昨日は大津市内で行なわれた『パセージ・リーダー養成』というものを見に行ってきた。『パセージ』(子育てのグループ・セミナー)のリーダー・トレーニングだ。かつて私がやっていたのだが、体力もなくなったし、もういい年だし、後輩に譲った。見学に行くのは今年が初めてだ。なぜなら、今年からはじまったから。さて、うまくできますかどうですか。
3日間連続で講座をするのだけれど、今回私が出たのは最初の30分と、それに続く1時間だけだ。最初の30分には、司会の仕方について考えていることを言った。リーダーさんたちがただちに使える知識ではないかもしれないが、知っておくといつか役に立てることができるだろう。続く1時間は新しい指導者養成担当の話を聴いていた。ちゃんと受け継がれているようで、きわめてうれしい。

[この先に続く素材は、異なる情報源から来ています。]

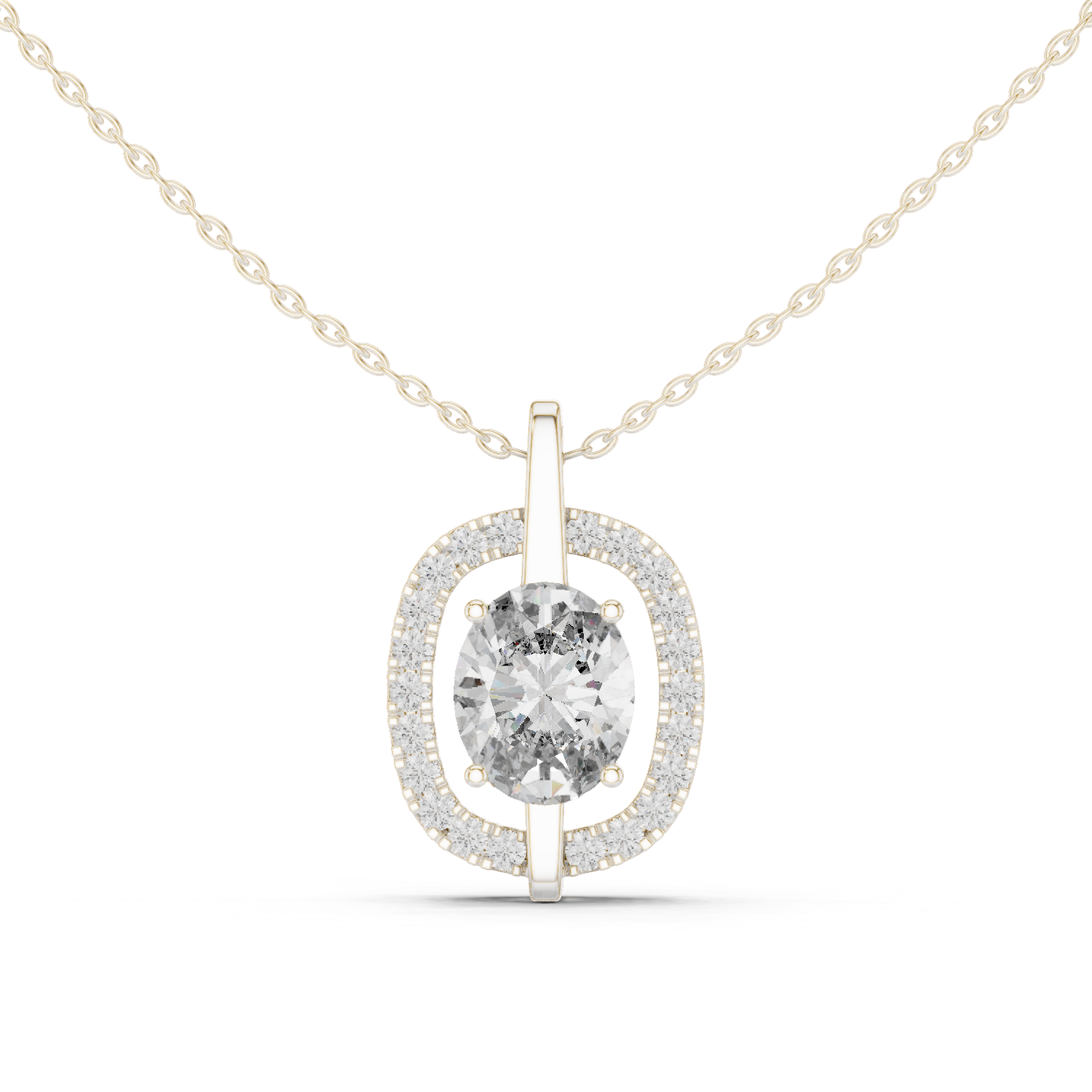 تعليقة بيضاوية مرصعة بألماس بتصميم هالة كوسين in White Gold - VYKA Diamonds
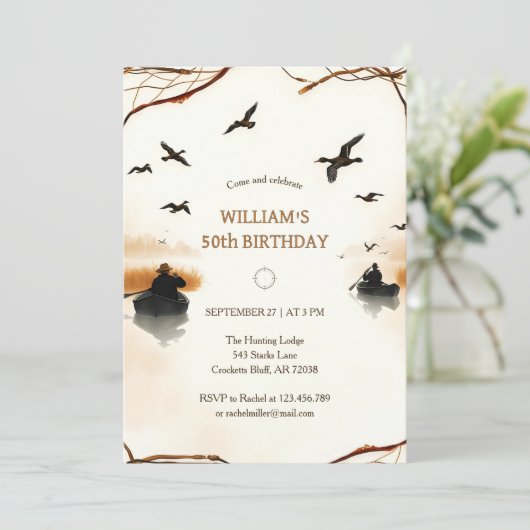 Rustic Duck Hunting Verjaardag Kaart (Staand voorkant)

アドラー心理学は、主として子供たちに対する育児や教育を中心に発達してきた。大人の問題も扱うけれど、その場合でも、あくまで子供の問題の応用問題として扱う感じだ。
大きな問題点は3つほどある。ひとつは、「親や子供が今まで努力してきた方向に答えはない」という原理だ。たとえば親が子供を叱ってしつけようとしているが、一向に成果があがらないとする。かといって誉めればよいというものでもない。そういう方向では答えは出ないと、最初にまず考えることにする。育児グループを学ぶということは、育児についての考え方ややり方をやめてみて、違う考え方ややり方を学ぶ決心をすることからはじまる。
2番目は、「子供に問題があるというよりは、親が目指している育児の方向に問題がある」という原理だ。子育てのグループに出ると、ある方向に問題を分析するように「勇気づけ」られる。それは、それまで考えてきた育児の方法とは違っている。最初はみんなビックリするのだけれど、そのうち少しずつ納得してくださるようになる。8週間も、毎週毎週「あなたの考え方そのものに問題がある」という意味のことを言われ続けるTと、多くの親は育児の方針を根本的に変えることになる。
3番目は、「子供の問題点を指摘するのが方法ではなく、子供の長所に注目することが方法だ」という原理だ。その結果、親子の対話からネガティブな単語が減ってゆき、相手を思いやるメッセージが増えてくる。『パセージ』という子育てのコースに8週間も出ると、多くの親は変容して、「勇気くじき」をやめて「勇気づけ」をしてくれるようになる。そうしてはじめて、アドラー心理学の育児を学ぶ準備ができたことになる。